▶ _Description of the task_
Each entry below must be repeated exactly, with pictures left out.

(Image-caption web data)
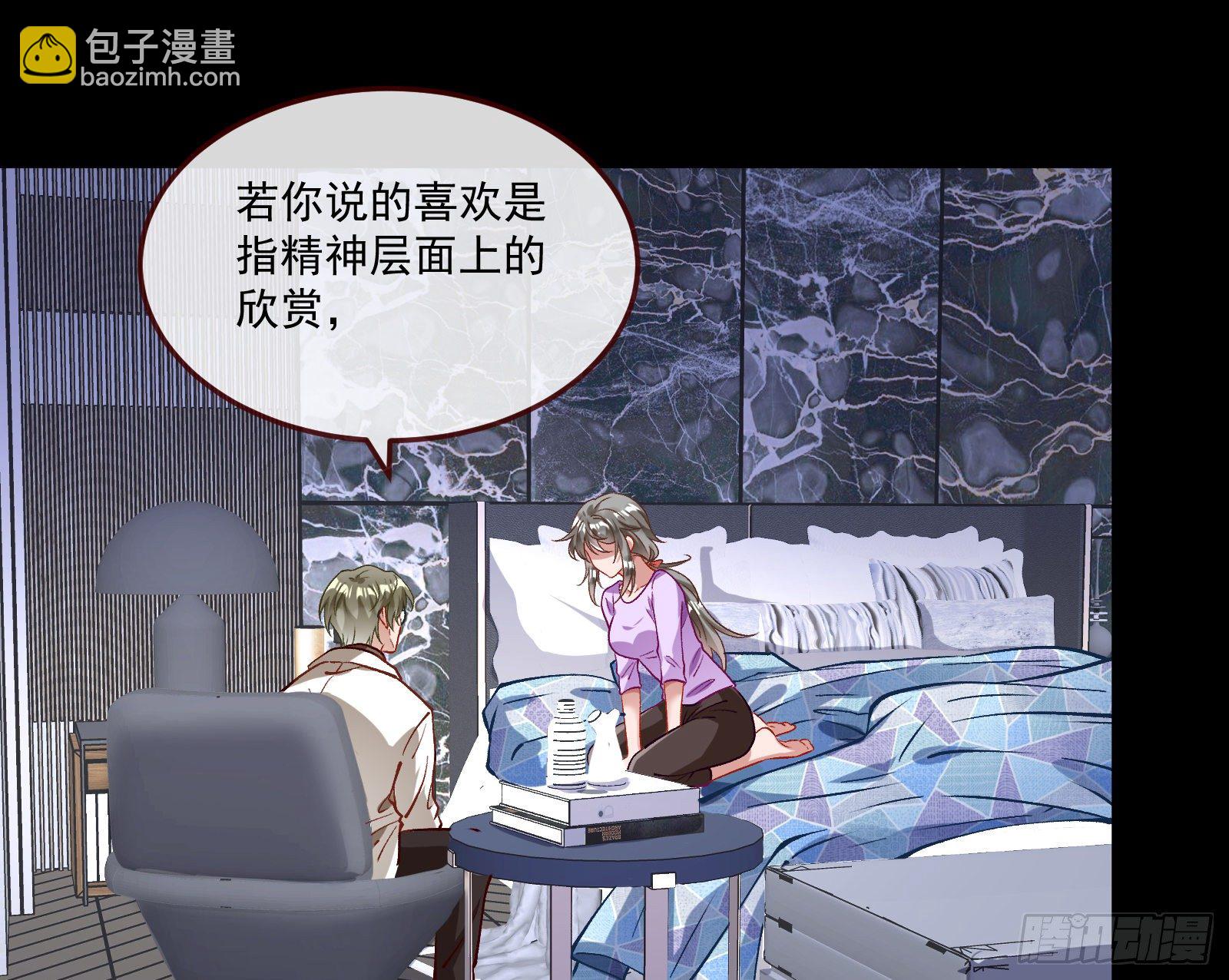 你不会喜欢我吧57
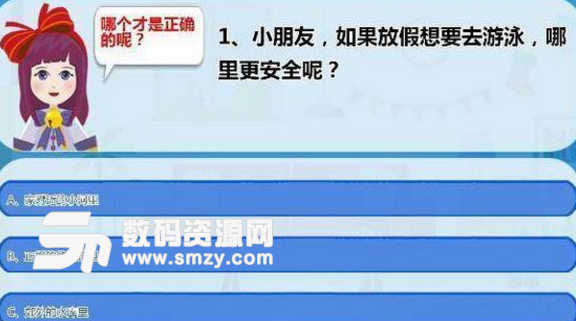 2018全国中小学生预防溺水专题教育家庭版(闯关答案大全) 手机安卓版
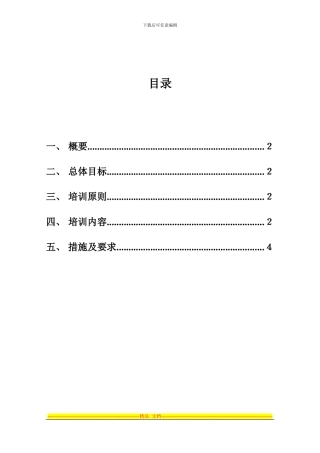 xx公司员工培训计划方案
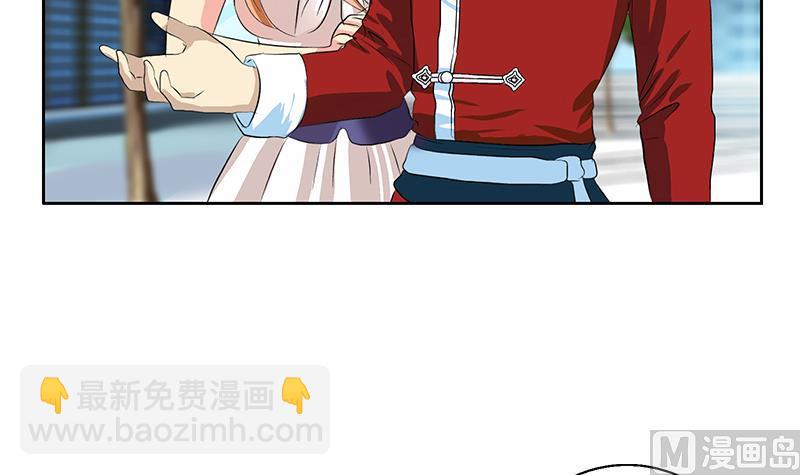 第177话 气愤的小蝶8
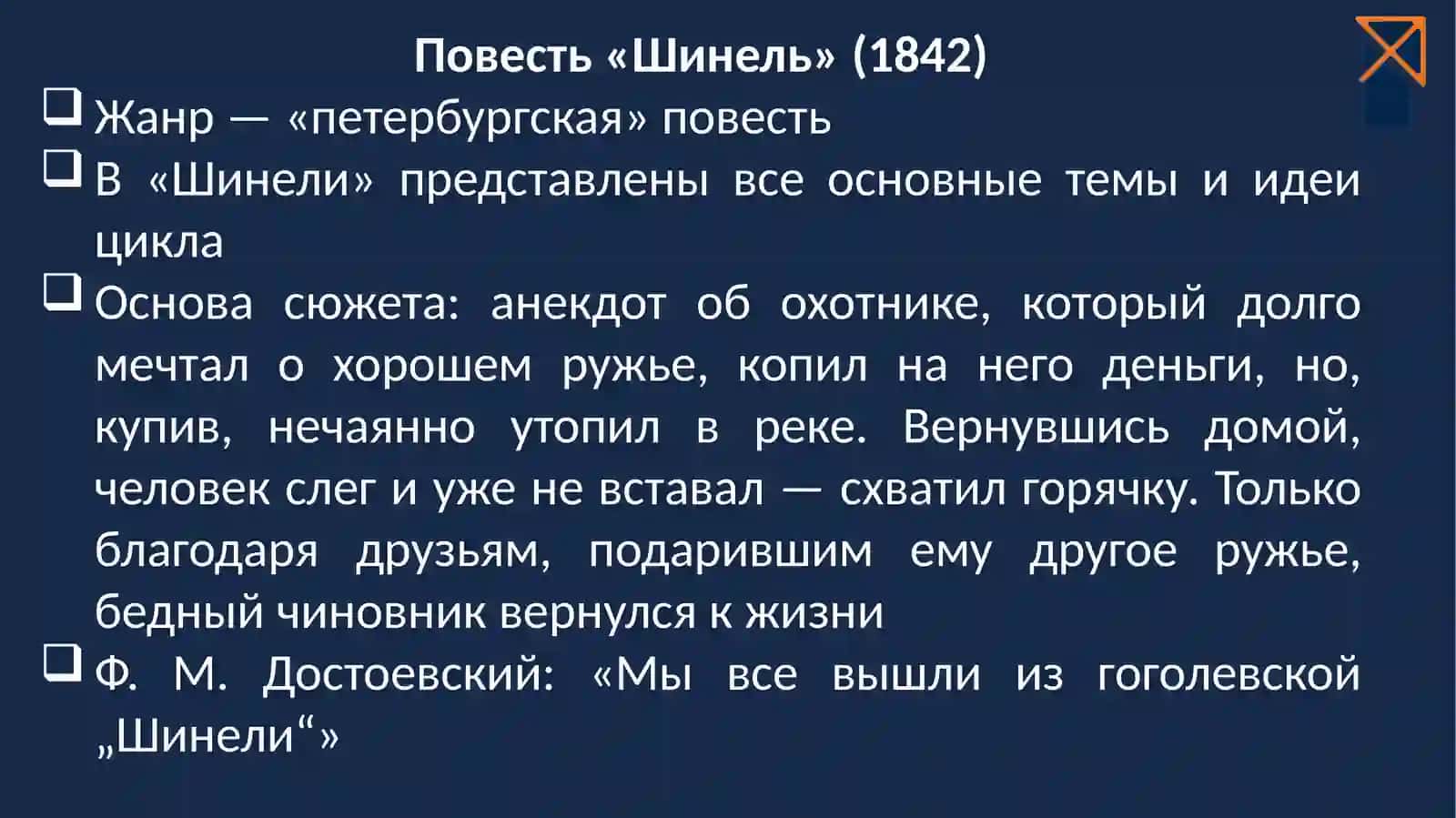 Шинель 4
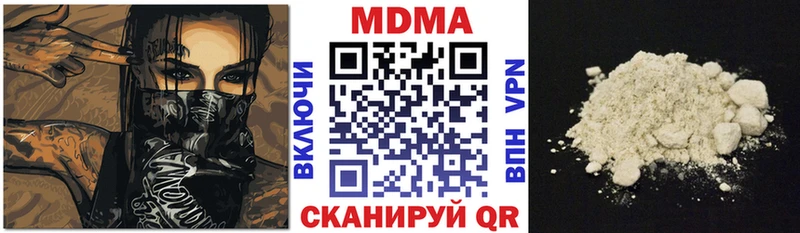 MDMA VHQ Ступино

▶ _Answer to the exercise_
 你不会喜欢我吧57
 2018全国中小学生预防溺水专题教育家庭版(闯关答案大全) 手机安卓版
 xx公司员工培训计划方案
 第177话 气愤的小蝶8
 Шинель 4
 MDMA VHQ Ступино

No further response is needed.